We show that $E[\hat{\sigma}^2] = \sigma^2$ where $\hat{\sigma}^2 = \sum_{i=1}^n \hat{\varepsilon}_i^2 / (n-2)$, so that $E\!\left[\sum \hat{\varepsilon}_i^2\right] = (n-2)\sigma^2$.

**Step 1 — Express residuals in terms of population errors.**

The OLS residuals are $\hat{\varepsilon}_i = Y_i - \hat{Y}_i = \varepsilon_i - (\hat{\beta}_0 - \beta_0) - (\hat{\beta}_1 - \beta_1)x_i$. OLS imposes two exact linear constraints on the residuals:

$$\sum_{i=1}^n \hat{\varepsilon}_i = 0, \qquad \sum_{i=1}^n x_i \hat{\varepsilon}_i = 0$$

These two constraints mean that the residual vector $\hat{\boldsymbol{\varepsilon}}$ lies in an $(n-2)$-dimensional subspace of $\mathbb{R}^n$ — two dimensions have been "used up" projecting out the fitted values.

**Step 2 — Take the expectation of $RSS$.**

Using the hat matrix $\mathbf{H} = \mathbf{X}(\mathbf{X}'\mathbf{X})^{-1}\mathbf{X}'$ (with $\mathbf{X}$ the $n \times 2$ design matrix), we can write $\hat{\boldsymbol{\varepsilon}} = (\mathbf{I} - \mathbf{H})\boldsymbol{\varepsilon}$. Since $\mathbf{I} - \mathbf{H}$ is an idempotent matrix of rank $n-2$:

$$E\!\left[\sum_{i=1}^n \hat{\varepsilon}_i^2\right] = E[\boldsymbol{\varepsilon}'(\mathbf{I}-\mathbf{H})\boldsymbol{\varepsilon}] = \sigma^2 \operatorname{tr}(\mathbf{I}-\mathbf{H}) = \sigma^2(n-2)$$

**Conclusion:**

$$E[\hat{\sigma}^2] = \frac{E\!\left[\sum \hat{\varepsilon}_i^2\right]}{n-2} = \sigma^2$$

(proof-t-distribution)=
### A.2 The T-Statistic Follows $t_{n-2}$ Under Normality

Under the normality assumption $\varepsilon_i \mid X \overset{iid}{\sim} N(0,\sigma^2)$, we establish three facts and combine them.

**Fact 1.** Since $\hat{\beta}_1 = \beta_1 + \sum c_i \varepsilon_i$ is a linear combination of independent normals:

$$\hat{\beta}_1 \sim N\!\left(\beta_1,\, \frac{\sigma^2}{SST_x}\right) \implies Z \equiv \frac{\hat{\beta}_1 - \beta_1}{\sqrt{\sigma^2/SST_x}} \sim N(0,1)$$

**Fact 2.** Under normality, $(n-2)\hat{\sigma}^2/\sigma^2 \sim \chi^2_{n-2}$. This follows from the fact that $\hat{\boldsymbol{\varepsilon}} = (\mathbf{I}-\mathbf{H})\boldsymbol{\varepsilon}$ and $(\mathbf{I}-\mathbf{H})$ is an idempotent projection of rank $n-2$; a result from normal distribution theory (Cochran's theorem) gives the chi-squared distribution.

**Fact 3.** $\hat{\sigma}^2$ and $\hat{\beta}_1$ are **independent** under normality.
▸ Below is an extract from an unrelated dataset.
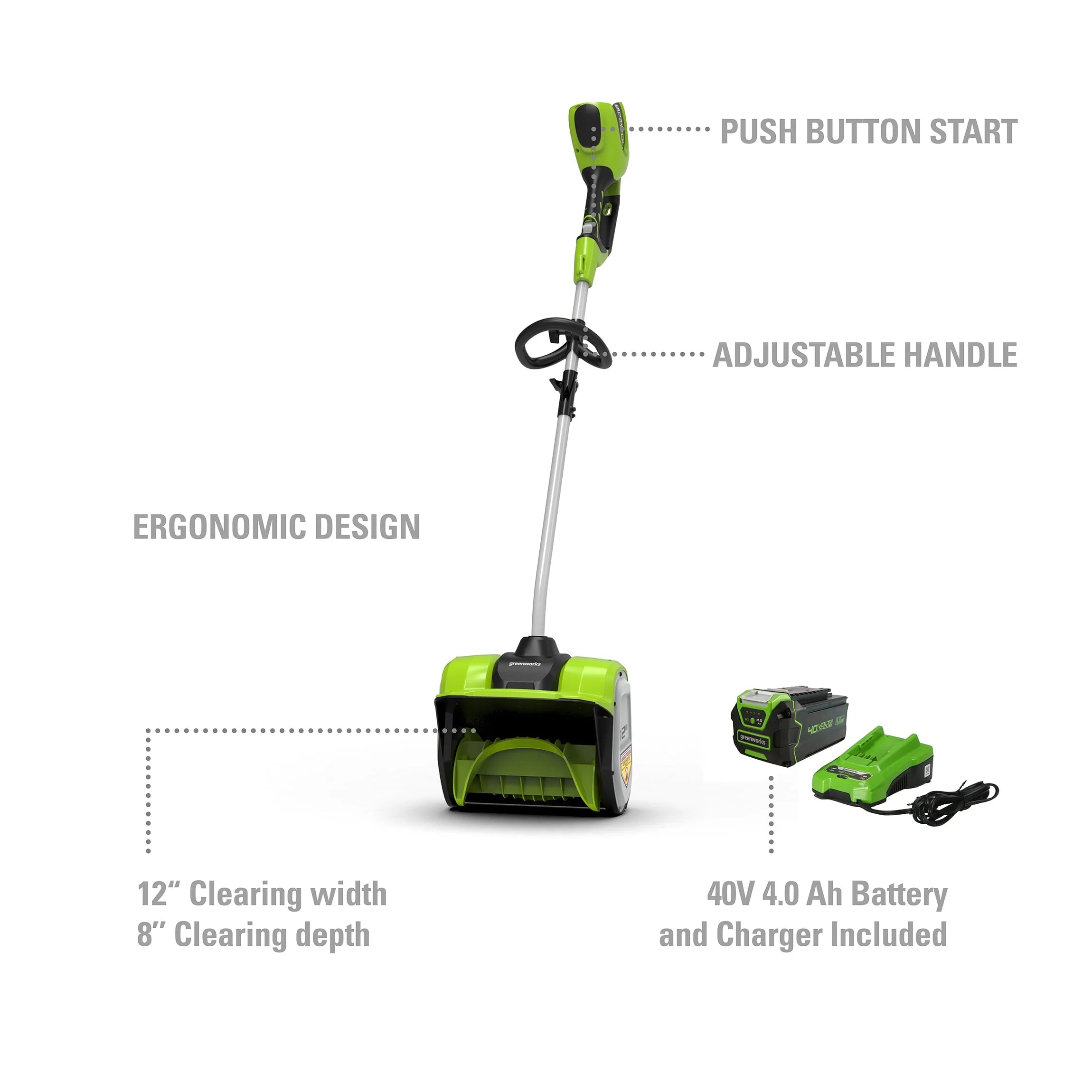 40V Single-Stage Battery Powered Push Snow Blower B292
This is because $\hat{\beta}_1$ depends on $\mathbf{H}\boldsymbol{\varepsilon}$ and $\hat{\sigma}^2$ depends on $(\mathbf{I}-\mathbf{H})\boldsymbol{\varepsilon}$; these are orthogonal projections of a normal vector, hence independent.

**Combining.** By the definition of the $t$-distribution (a standard normal divided by the square root of an independent $\chi^2/\nu$):

$$T = \frac{Z}{\sqrt{(n-2)\hat{\sigma}^2/(\sigma^2(n-2))}} = \frac{\hat{\beta}_1 - \beta_1}{\sqrt{\hat{\sigma}^2/SST_x}} = \frac{\hat{\beta}_1 - \beta_1}{SE(\hat{\beta}_1)} \sim t_{n-2}$$

Setting $\beta_1 = 0$ under $H_0$ gives $\hat{T} = \hat{\beta}_1 / SE(\hat{\beta}_1) \sim t_{n-2}$.